EXERCISE DESCRIPTION:
Please retype the data in full and exactly; the pictures are not part of the copy.

Extracted data entries:
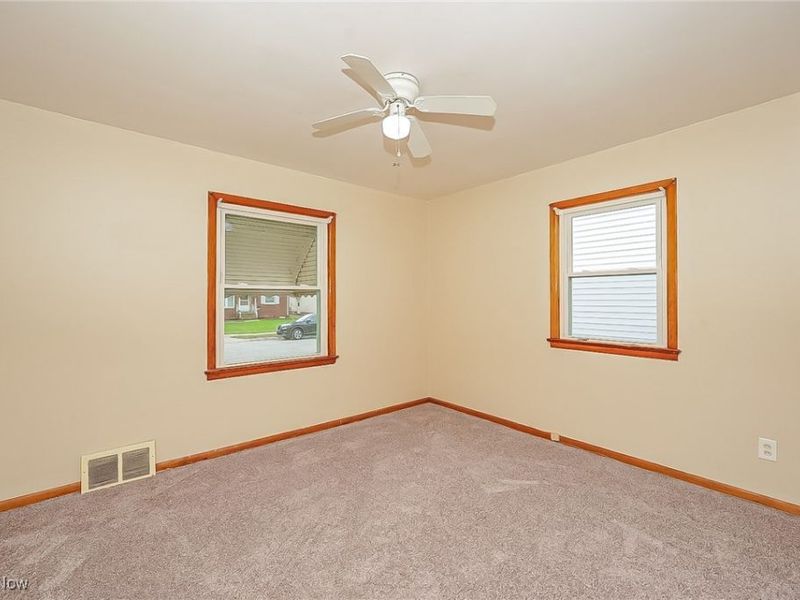 24891 Zeman Avenue, Euclid, OH 44123 Photo 10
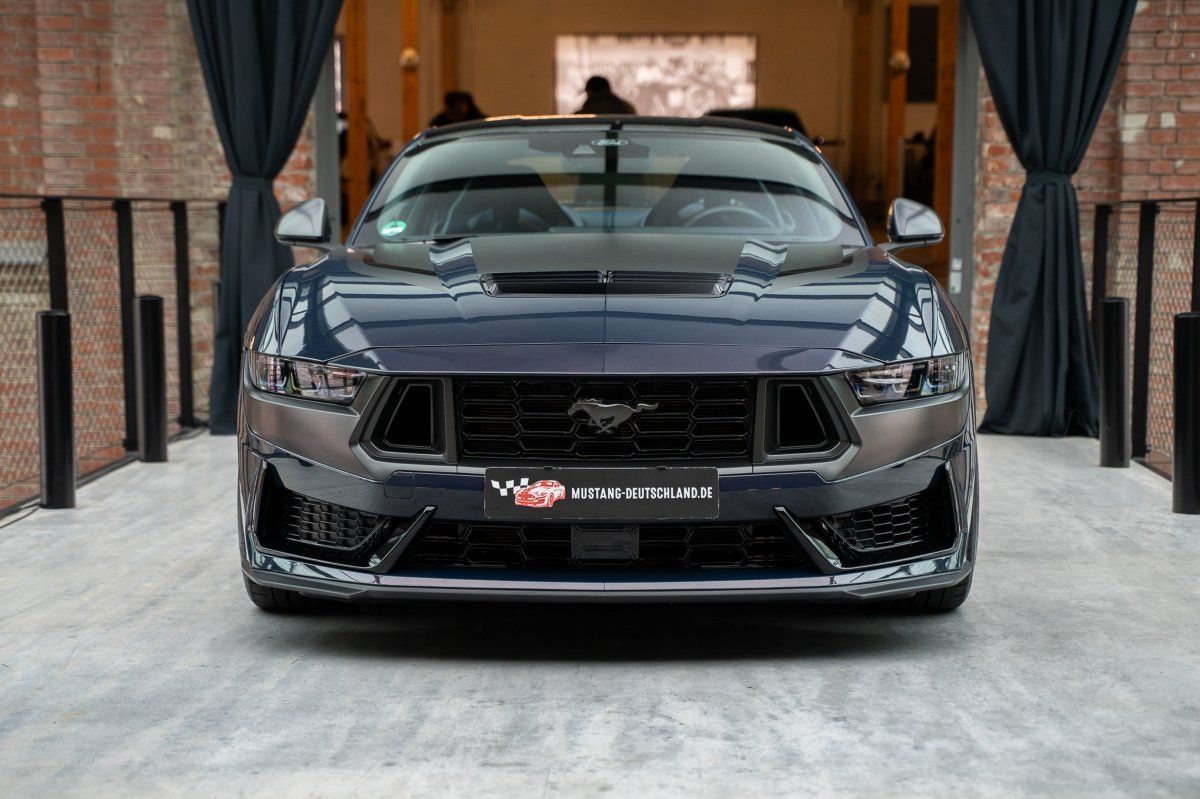 Ford Mustang (MUSTANG Dark Horse RECARO/Spoiler groß/1.Hand/CO)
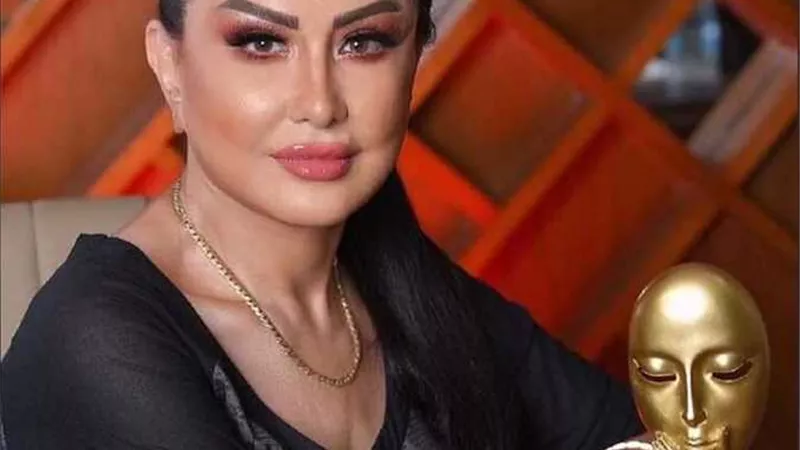 وفاء سالم تفتح النار على ياسمين عز: «اوزني كلامك»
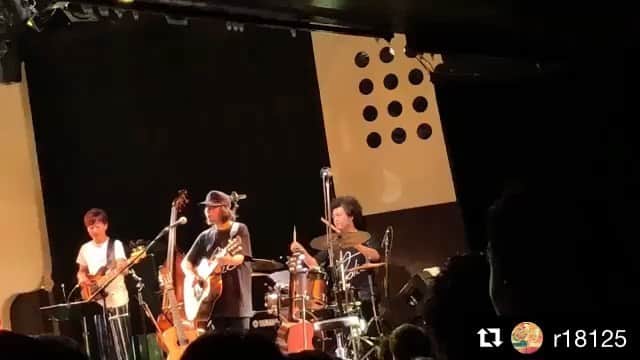 azumiのインスタグラム：「ファンの方の投稿で昨年の再結成ライブ動画を見つけてしまって堪らなくなっています。ラスト『さあいこう』で「あぁ！終わっちゃう！」と声に出してしまった位終わりたくなかったライブでした。一生忘れることはありません。皆さんありがとう。がんばる。 #Repost @r18125 ・・・ ‪2019年8月18日(日)Wyolica 20th Anniversary～ Beautiful Surprise Tour～＠東京 duo MUSIC EXCHANGE‬ ‪ #wyolica #wyolica20th #iphone #music #ライブ #音楽」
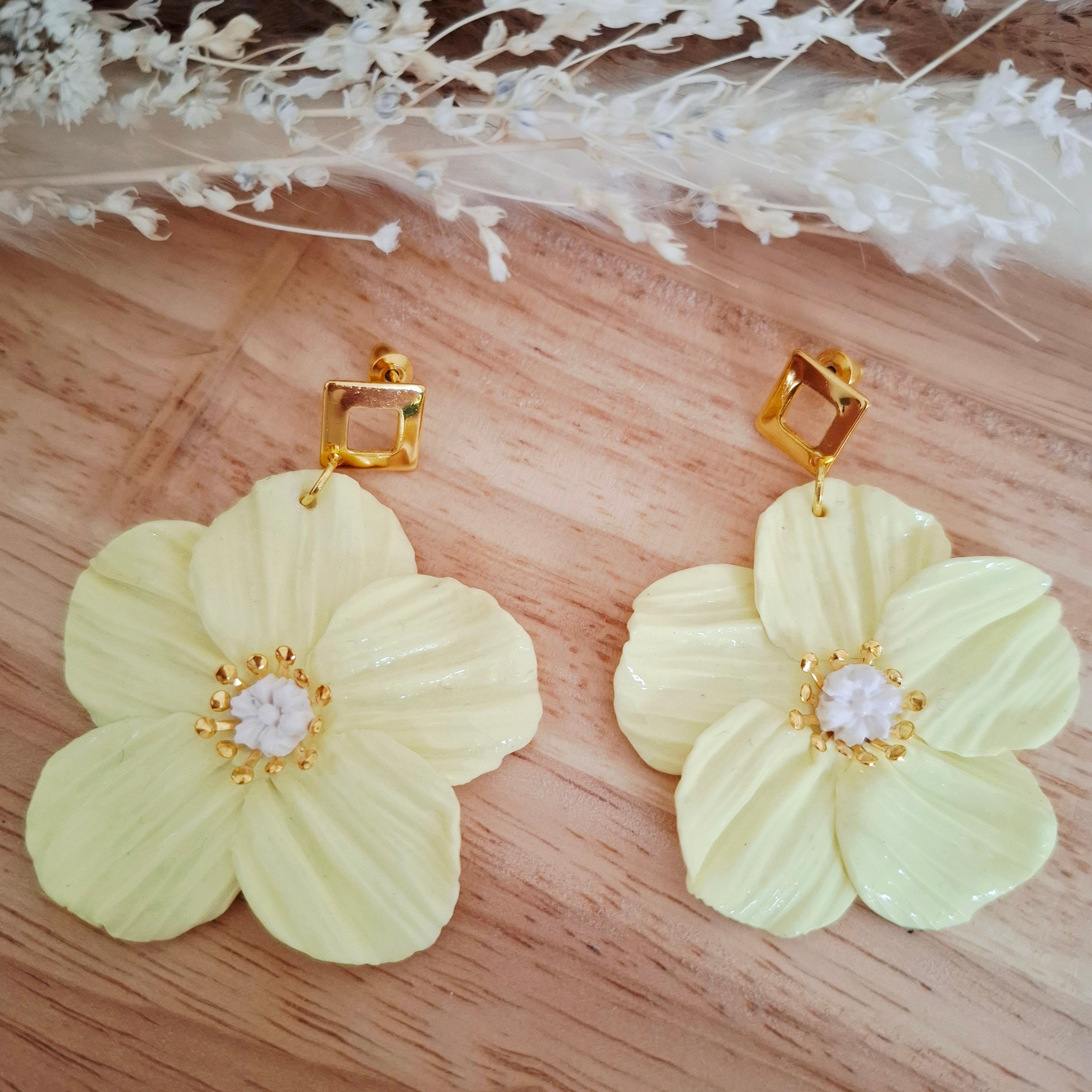 Boucles Fleurs Sculptées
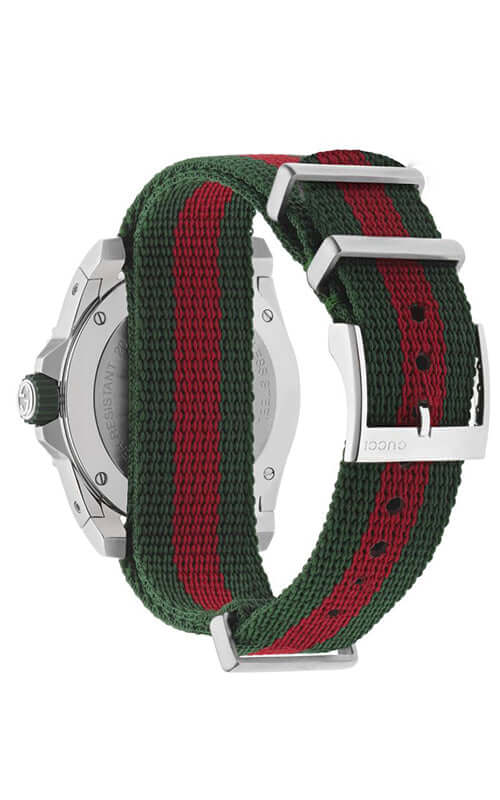 Montre Gucci Dive XL 45 mm pour hommes YA136339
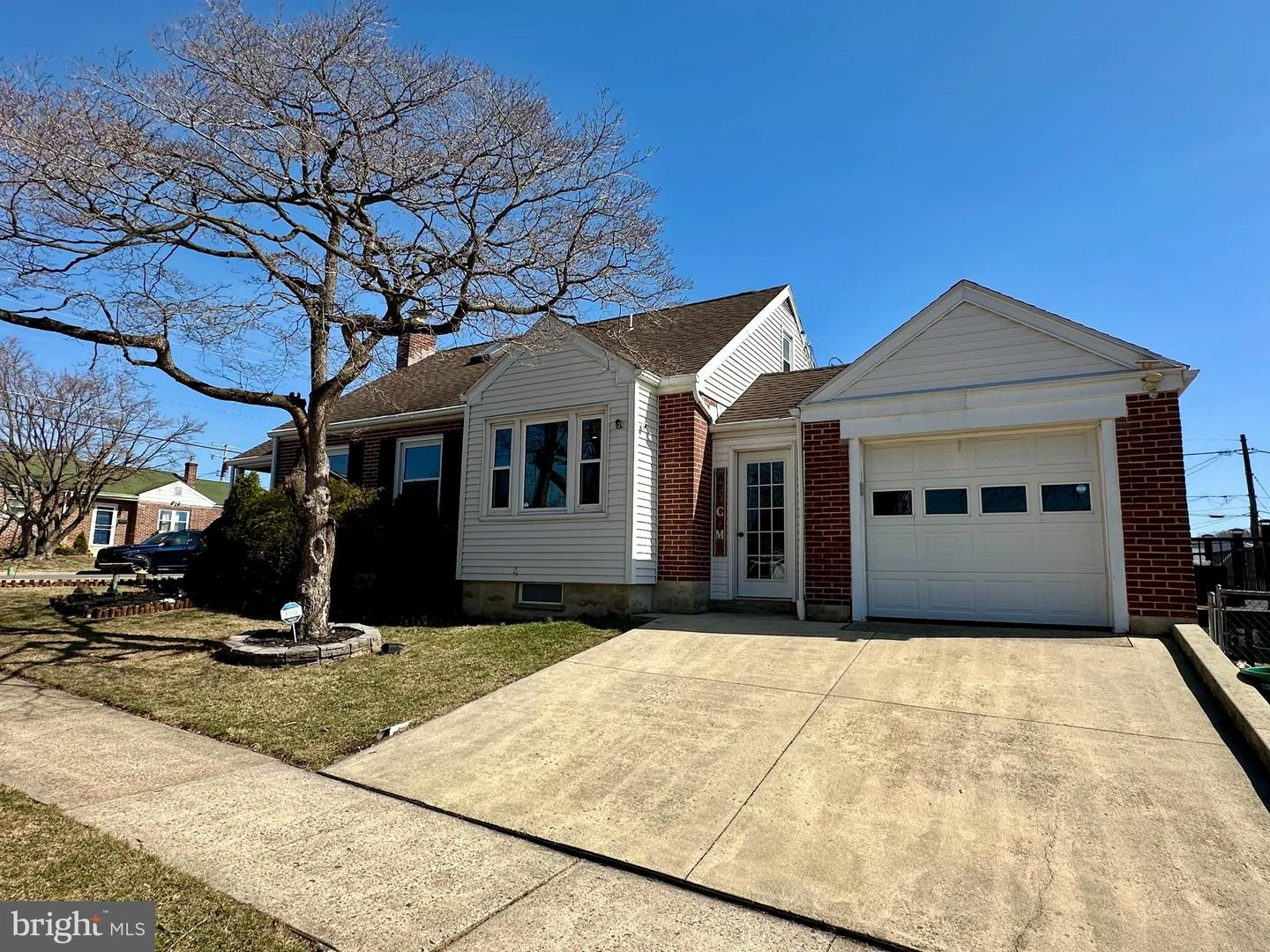 800 Milford Ave, Reading, PA 19607 photo 4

OUTPUT FOR THIS TASK:
 24891 Zeman Avenue, Euclid, OH 44123 Photo 10
 Ford Mustang (MUSTANG Dark Horse RECARO/Spoiler groß/1.Hand/CO)
 وفاء سالم تفتح النار على ياسمين عز: «اوزني كلامك»
 azumiのインスタグラム：「ファンの方の投稿で昨年の再結成ライブ動画を見つけてしまって堪らなくなっています。ラスト『さあいこう』で「あぁ！終わっちゃう！」と声に出してしまった位終わりたくなかったライブでした。一生忘れることはありません。皆さんありがとう。がんばる。 #Repost @r18125 ・・・ ‪2019年8月18日(日)Wyolica 20th Anniversary～ Beautiful Surprise Tour～＠東京 duo MUSIC EXCHANGE‬ ‪ #wyolica #wyolica20th #iphone #music #ライブ #音楽」
 Boucles Fleurs Sculptées
 Montre Gucci Dive XL 45 mm pour hommes YA136339
 800 Milford Ave, Reading, PA 19607 photo 4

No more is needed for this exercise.